En 1992, l’ex-Yougoslavie est à feu et à sang. Sarajevo est en état de siège. La communauté internationale, impuissante, compte les morts. Quelques journalistes, parqués à l’hôtel Hilton, informent le monde au péril de leurs vies. Parmi eux, Paul Marchand, reporter freelance pour France Info, la RTBF, Radio Suisse romande et Radio Canada. Il a trente ans à peine, un cigare (cubain) cloué au bec, un bonnet de marin vissé sur le crâne. Son éthique intransigeante le force à rendre compte avec autant d’objectivité que possible d’une guerre fratricide. Sa sensibilité l’empêche de rester neutre dans un conflit qui s’éternise.

Paul Marchand est une figure du journalisme contemporain. Avant d’arriver en Bosnie, il avait couvert pendant près de huit ans la guerre au Liban. À Sarajevo, après dix huit mois de séjour, un sniper lui arrache le bras, l’obligeant à une retraite forcée. Paul Marchand se donnera la mort en 2009. Après avoir lu son livre Sympathie pour le diable publié en 1997, le canadien Guillaume de Fontenay l’avait rencontré. Il aurait pu réaliser un documentaire. Il choisit finalement une œuvre de fiction, très fidèle aux faits, qu’il est allé tourner, non sans difficultés, en plein hiver à Sarajevo.

Récemment, un film d’animation passé inaperçu et pourtant admirable avait pris un parti différent. Chris the Swiss racontait dans un noir et blanc expressionniste la vie de Christian Wurtemberg, un journaliste de guerre, son départ pour la Croatie en 1991 et sa mort en Slavonie dans des conditions restées obscures.
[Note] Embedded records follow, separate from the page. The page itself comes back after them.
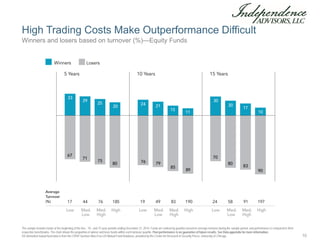 High Trading Costs Make Outperformance Difficult
The sample includes funds at the beginning of the five-, 10-, and 15-year periods ending December 31, 2014. Funds are ranked by quartiles based on average turnover during the sample period, and performance is compared to their
respective benchmarks. The chart shows the proportion of winner and loser funds within each turnover quartile. Past performance is no guarantee of future results. See Data appendix for more information.
US-domiciled mutual fund data is from the CRSP Survivor-Bias-Free US Mutual Fund Database, provided by the Center for Research in Security Prices, University of Chicago.
Winners and losers based on turnover (%)—Equity Funds
10
 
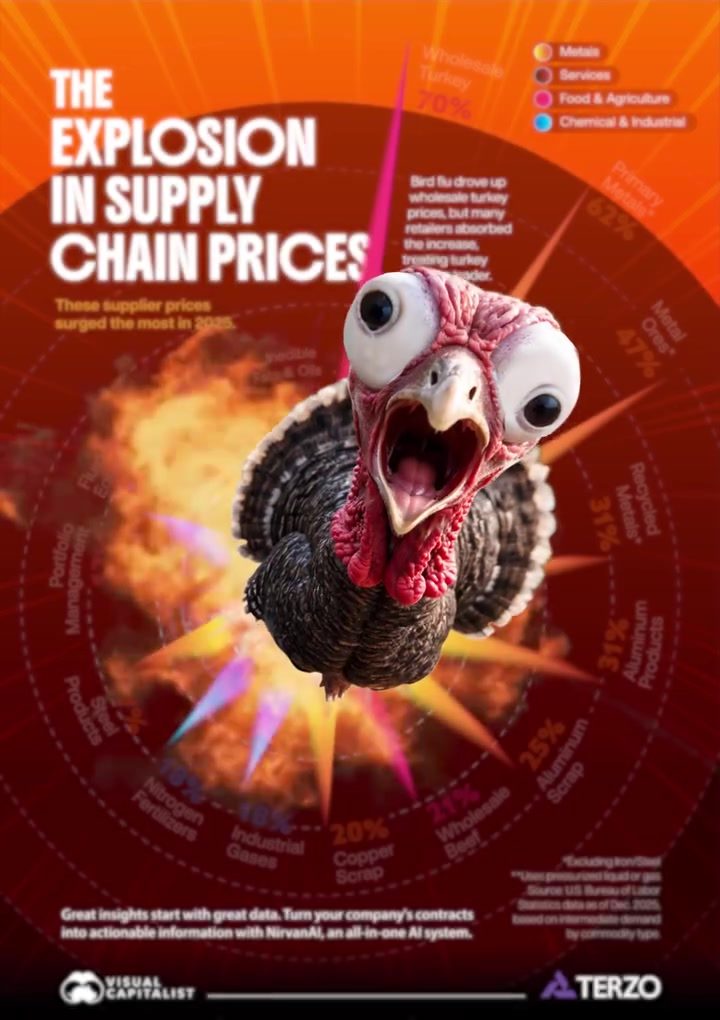 Supply Chain Price Hikes: What's Driving the Explosion?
L’autre référence qui vient immédiatement à l’esprit, c’est bien sûr le récent Camille de Boris Lojkine sur la photographe française tuée en mai 2014 en République centrafricaine. Nina Meurisse y interprétait une jeune femme profondément empathique, curieuse, faisant ses premiers pas dans le journalisme de guerre, dévorée par le doute sur le sens de son métier. Niels Schneider campe tout le contraire : un professionnel pénétré par la haute idée qu’il se fait de lui-même et de sa tâche, refusant les concessions, péremptoire et souvent cassant. Bien sûr, son humanité perce, dans sa relation avec sa traductrice, la belle Ella Rumpf, dont il réussit à exfiltrer de Sarajevo l’oncle catarrheux. Mais son refus d’être aimable est tellement efficace que c’est son autoportrait qu’à la fin on peine à aimer.